Designing physically present digital media
Spatial Computing is a concept Augmented Reality (AR) system that makes digital media feel physically present through interaction design. It is presented as a 3 part video series:
Part 1
A New Paradigm
A brief history of HCI and a how to get computers to think in the same three-dimensional way humans do
Part 2
Shopping
A gesture vocabulary for object manipulation through the use case of shopping for furniture in your living room
Part 3
The Home Theater System
A reuse of the gesture vocabulary from Part 2 to navigate 3d environments, demonstrated through the use case of 3d home media (sports, 3d narrative content, etc...)
About the project
The human body's capacity to move freely is empowering. When people cannot move, they are locked inside their brains, unable to express feelings or perspectives or to share with others. With physical movement, people can communicate through language and art and dance and song.

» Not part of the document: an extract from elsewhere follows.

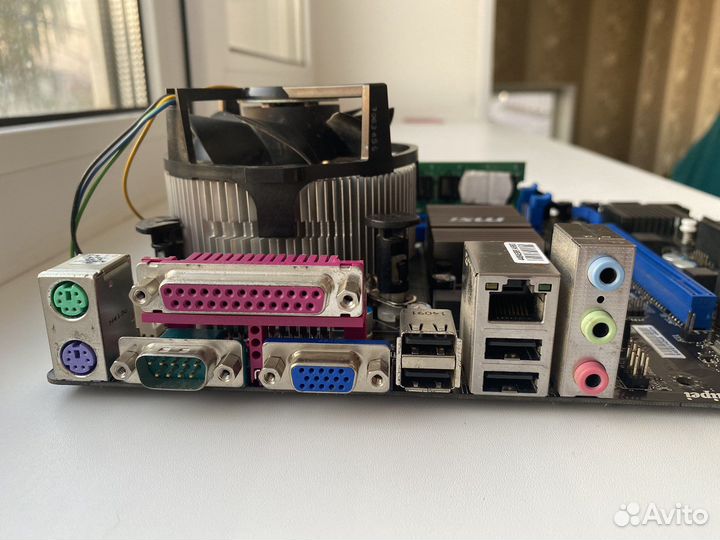 Материнская плата с процессором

But the human brain's ability to model movement doesn't stop at the ends of our fingertips. Our neuroplastic brains incorporate physical objects so that they become part of our bodies. So our capacity to communicate relies not only on our ability to control our bodies, but our ability to control our environments.
The virtual objects of Spatial Computing are designed to extend the user's agency so as to empower. It is self-expression through object and environment manipulation. This manipulation should be as joyful as tumbling around on a playground.
The project is heavily inspired by my background in illusion-based dance and theater, traditions that are obsessed with mapping human intention to compositional outcome. This work is different from other depictions of futuristic interaction designs in that the mapping is sufficiently explained, giving the viewer a physical sense of what the future will feel like to their kinesthetic bodies.